## Data shown
--

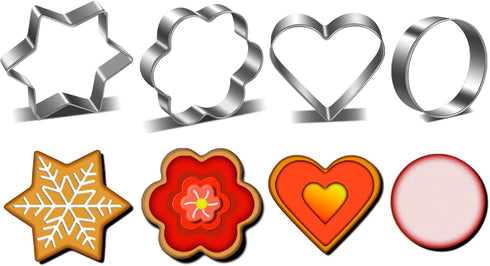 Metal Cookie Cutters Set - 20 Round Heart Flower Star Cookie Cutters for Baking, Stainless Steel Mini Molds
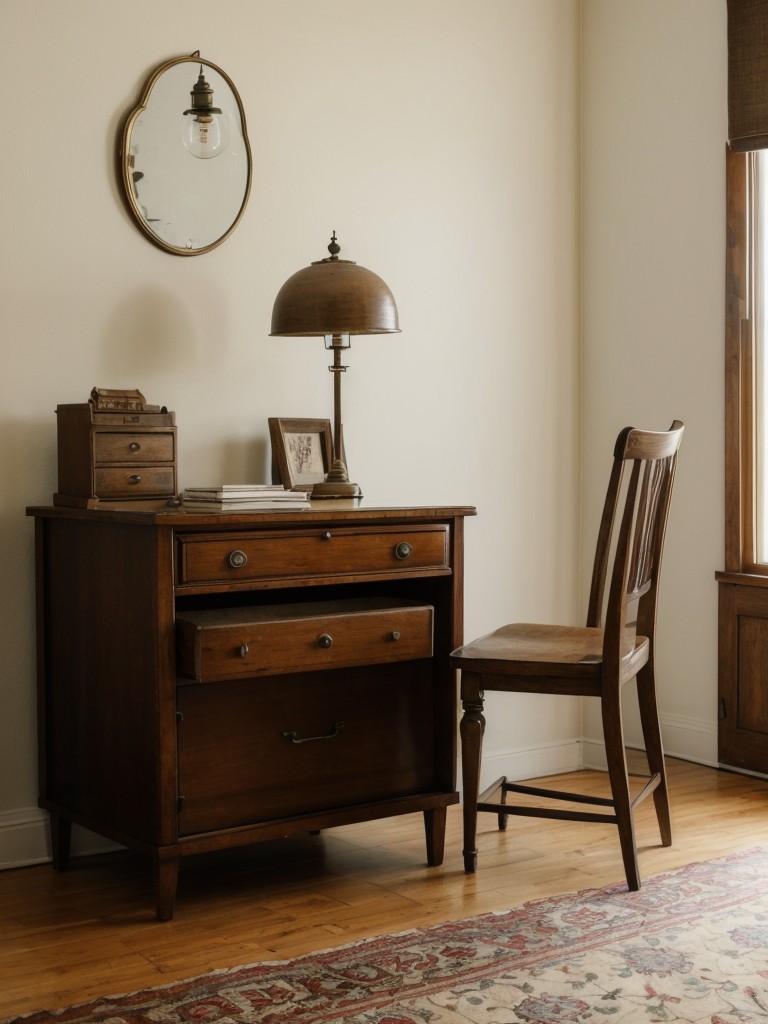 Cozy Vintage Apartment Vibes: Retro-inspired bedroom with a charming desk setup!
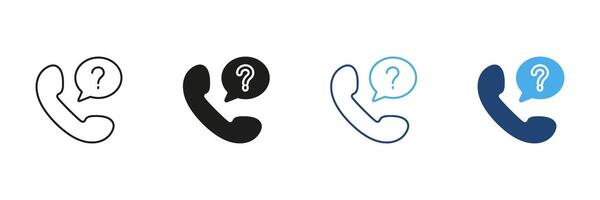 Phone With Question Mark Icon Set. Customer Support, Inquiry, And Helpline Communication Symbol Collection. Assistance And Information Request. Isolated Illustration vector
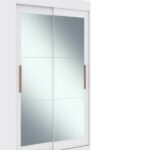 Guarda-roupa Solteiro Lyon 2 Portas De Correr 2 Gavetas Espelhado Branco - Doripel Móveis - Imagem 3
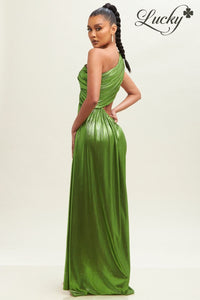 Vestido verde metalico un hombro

--

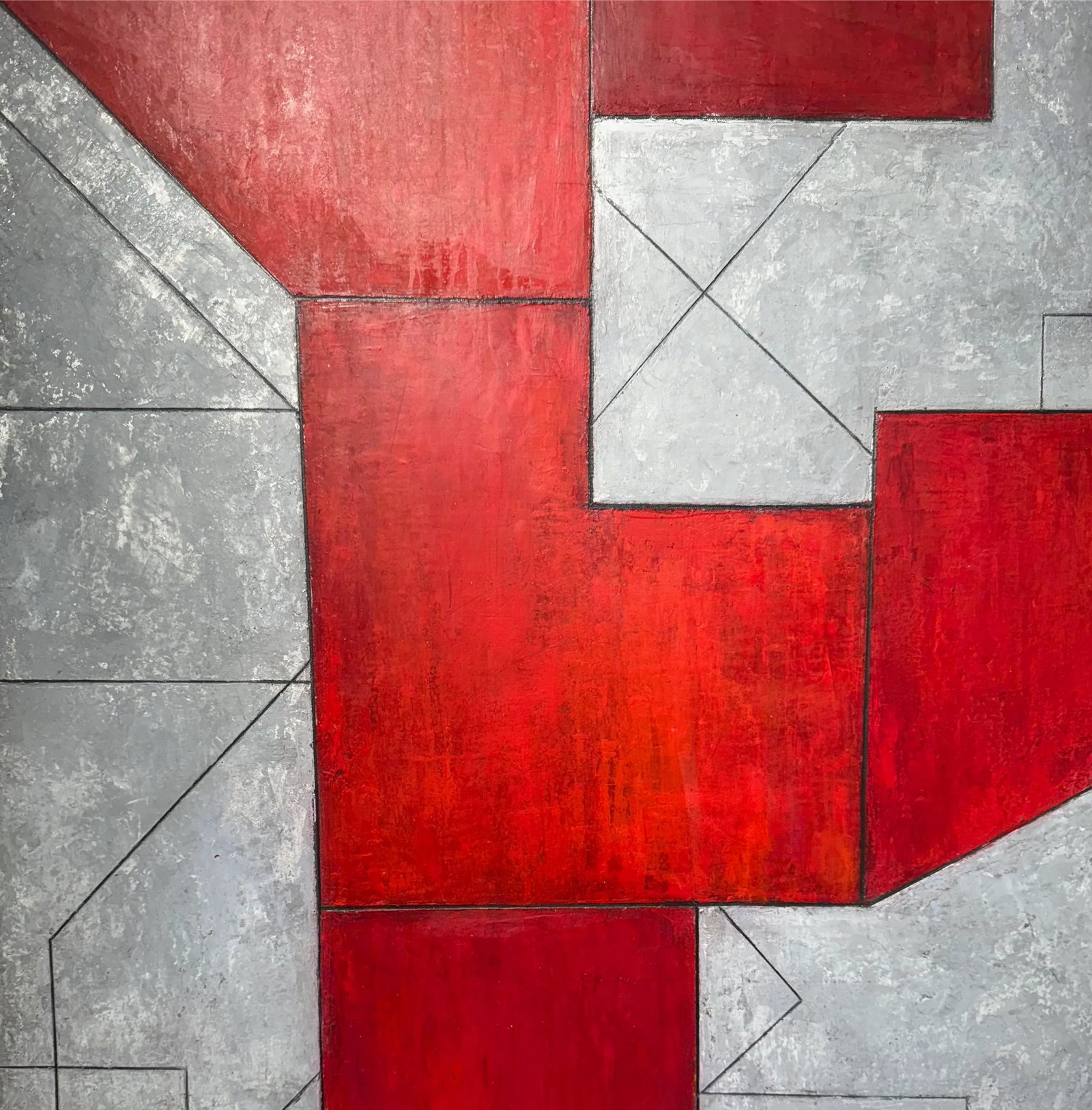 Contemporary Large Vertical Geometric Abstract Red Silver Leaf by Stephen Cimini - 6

--

## Action item
With the pictures left out, write out exactly the lines above from the one containing "Metal Cookie Cutters" through the one containing "Vestido verde metalico un hombro".

## Output
 Metal Cookie Cutters Set - 20 Round Heart Flower Star Cookie Cutters for Baking, Stainless Steel Mini Molds
 Cozy Vintage Apartment Vibes: Retro-inspired bedroom with a charming desk setup!
 Phone With Question Mark Icon Set. Customer Support, Inquiry, And Helpline Communication Symbol Collection. Assistance And Information Request. Isolated Illustration vector
 Guarda-roupa Solteiro Lyon 2 Portas De Correr 2 Gavetas Espelhado Branco - Doripel Móveis - Imagem 3
 Vestido verde metalico un hombro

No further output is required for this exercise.